### What the task requires
With the pictures left out, restate exactly the part below that opens with the line containing "Ford Focus 74.000" and closes with the line containing "Pleines de chaussettes".

### Dataset entries
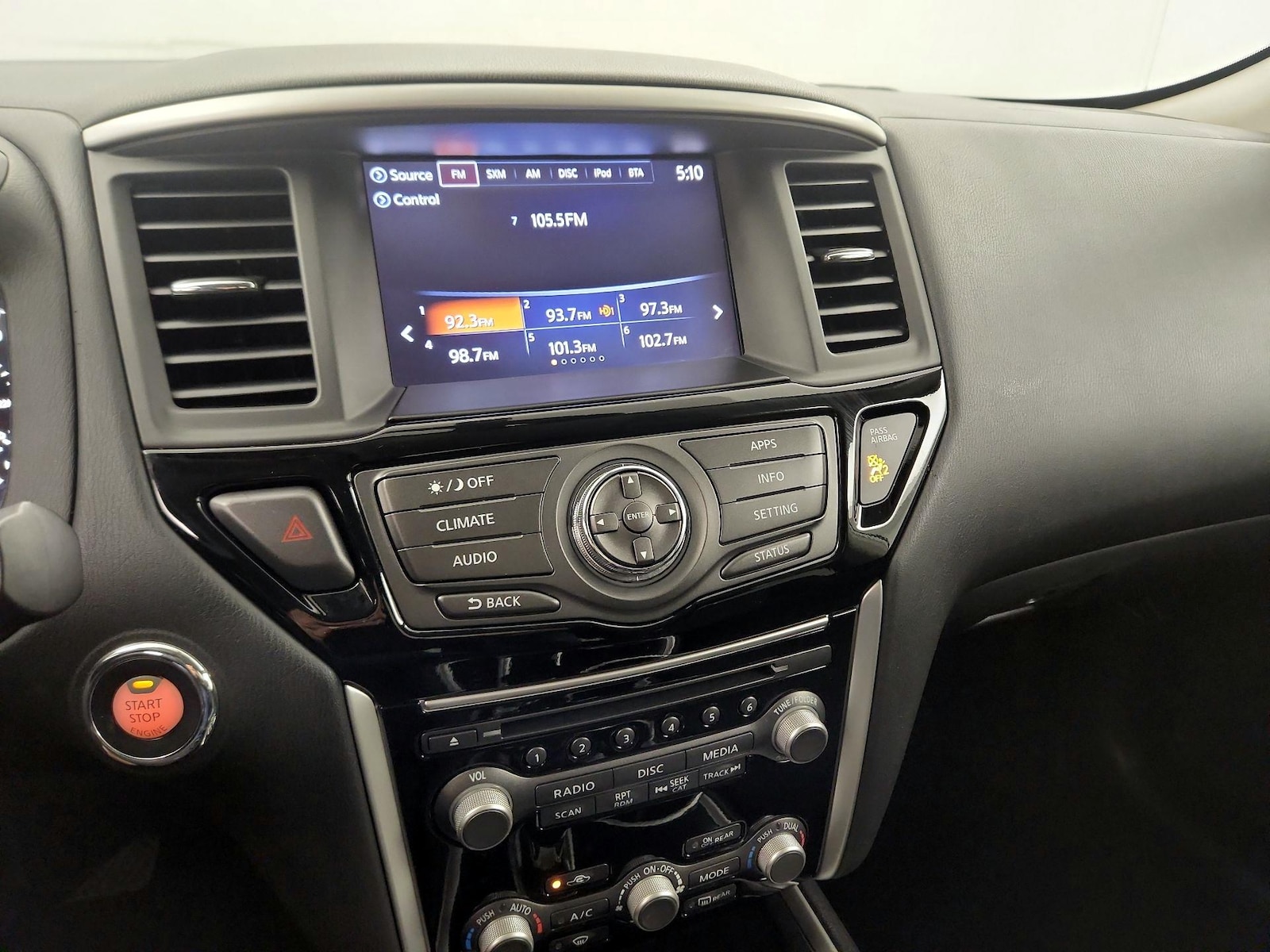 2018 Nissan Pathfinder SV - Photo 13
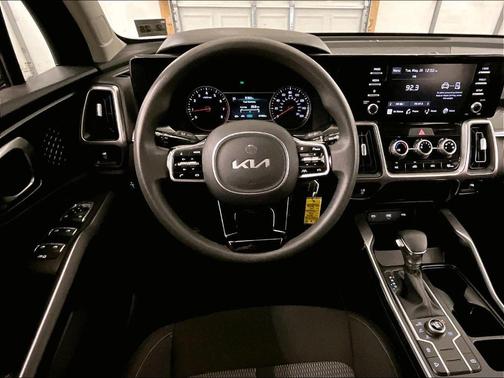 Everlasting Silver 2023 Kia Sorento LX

* * *

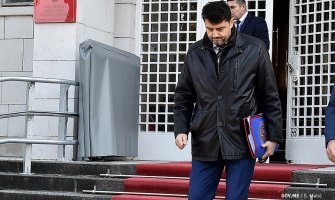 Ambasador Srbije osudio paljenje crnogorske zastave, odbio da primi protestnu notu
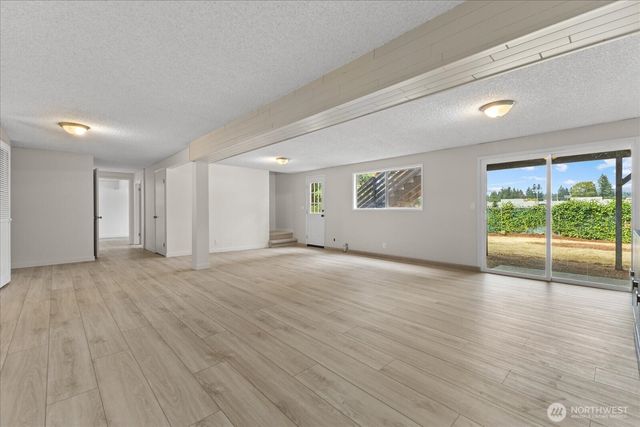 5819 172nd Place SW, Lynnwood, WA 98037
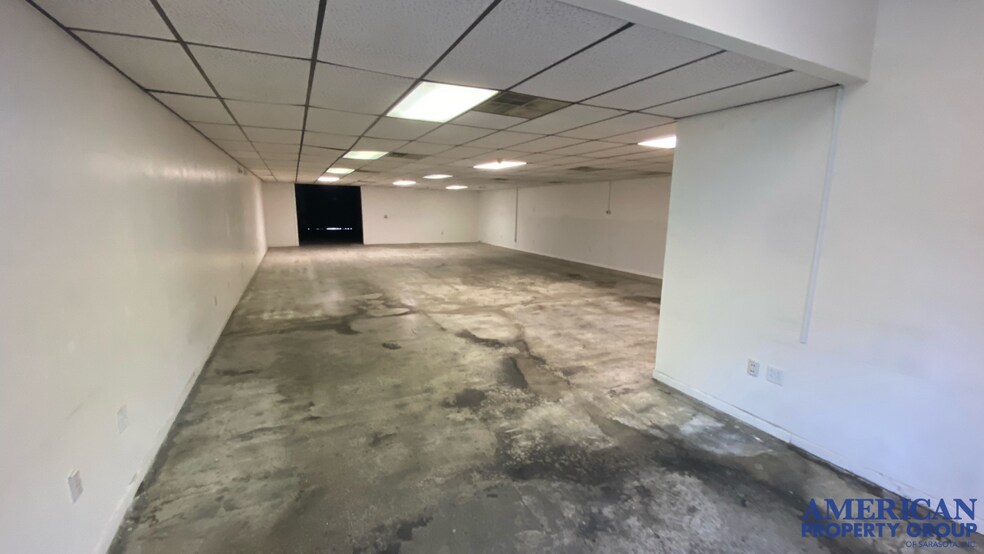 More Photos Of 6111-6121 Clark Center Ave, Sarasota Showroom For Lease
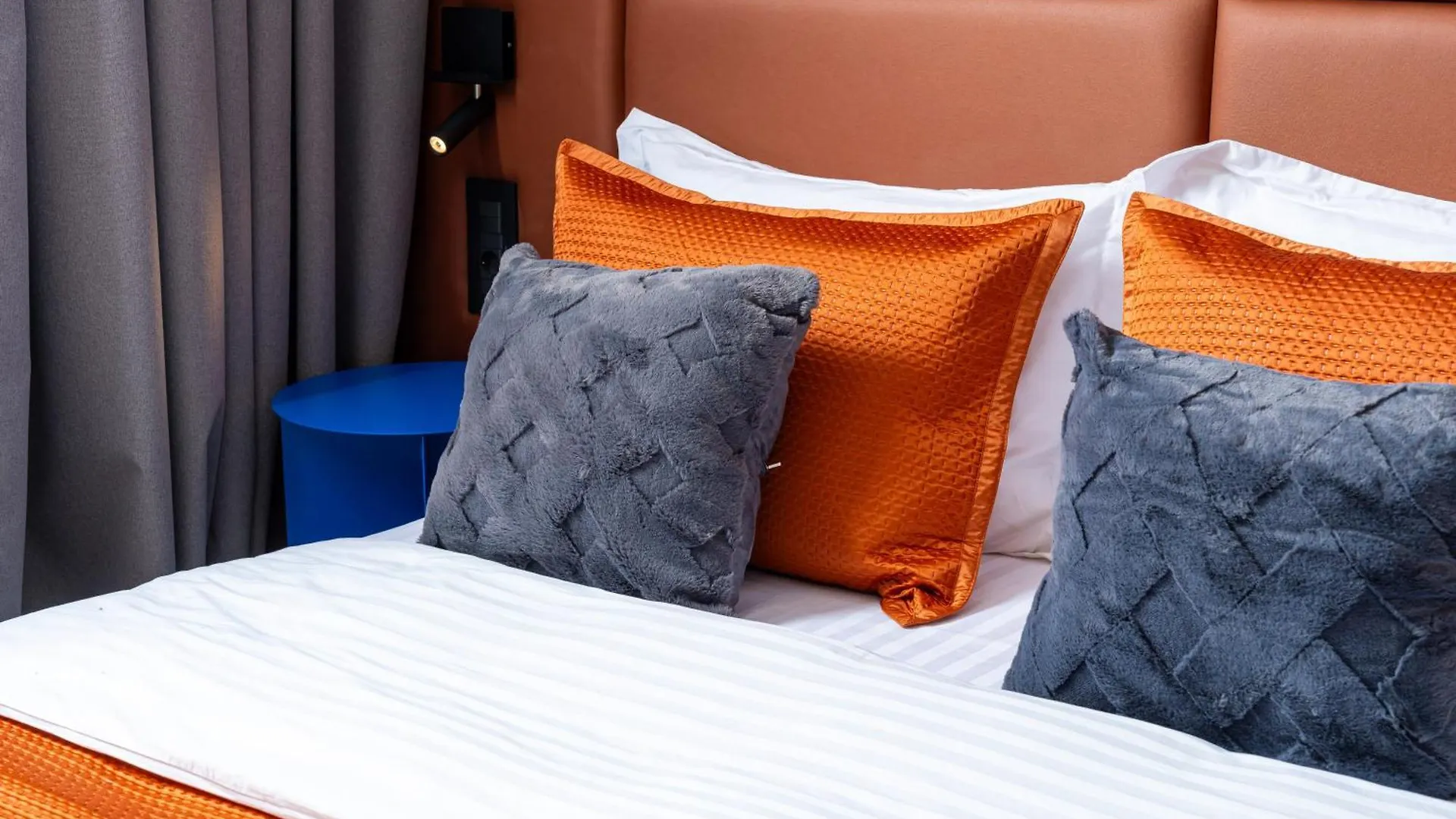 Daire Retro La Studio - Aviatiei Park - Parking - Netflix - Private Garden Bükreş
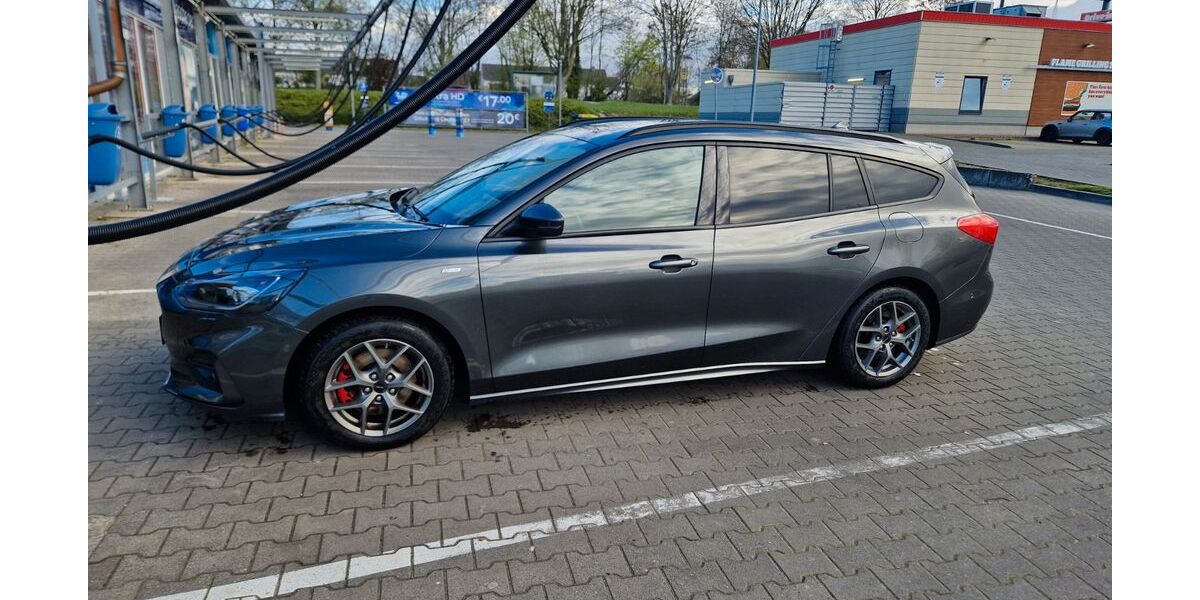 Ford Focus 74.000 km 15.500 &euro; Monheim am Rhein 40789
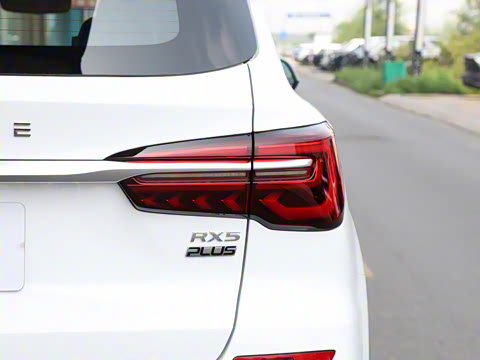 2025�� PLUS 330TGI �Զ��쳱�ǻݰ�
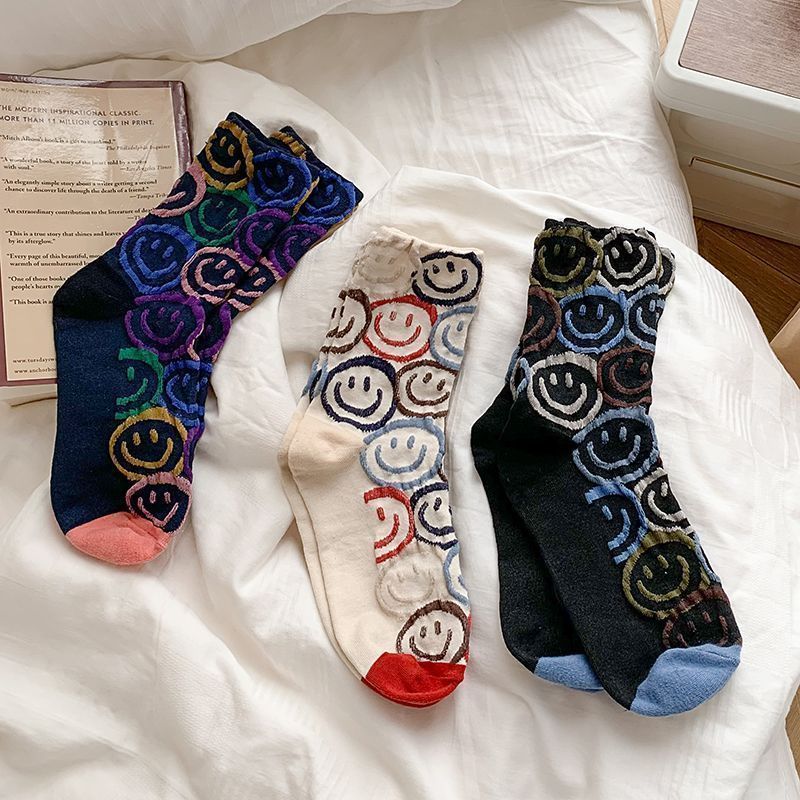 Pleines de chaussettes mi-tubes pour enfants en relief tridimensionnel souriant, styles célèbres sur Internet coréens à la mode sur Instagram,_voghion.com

...

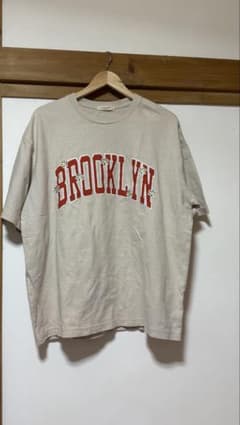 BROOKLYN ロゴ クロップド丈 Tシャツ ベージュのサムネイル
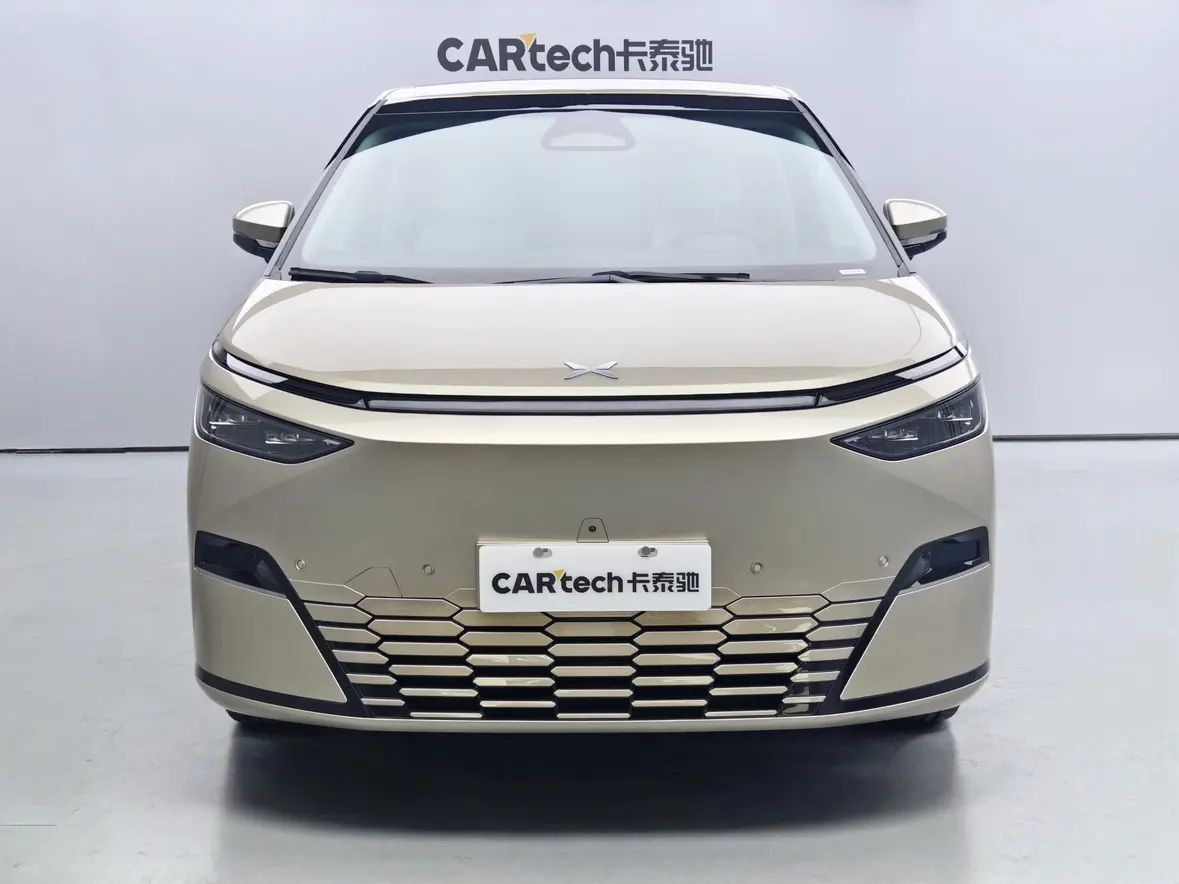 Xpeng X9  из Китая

### Result
 Ford Focus 74.000 km 15.500 &euro; Monheim am Rhein 40789
 2025�� PLUS 330TGI �Զ��쳱�ǻݰ�
 Pleines de chaussettes mi-tubes pour enfants en relief tridimensionnel souriant, styles célèbres sur Internet coréens à la mode sur Instagram,_voghion.com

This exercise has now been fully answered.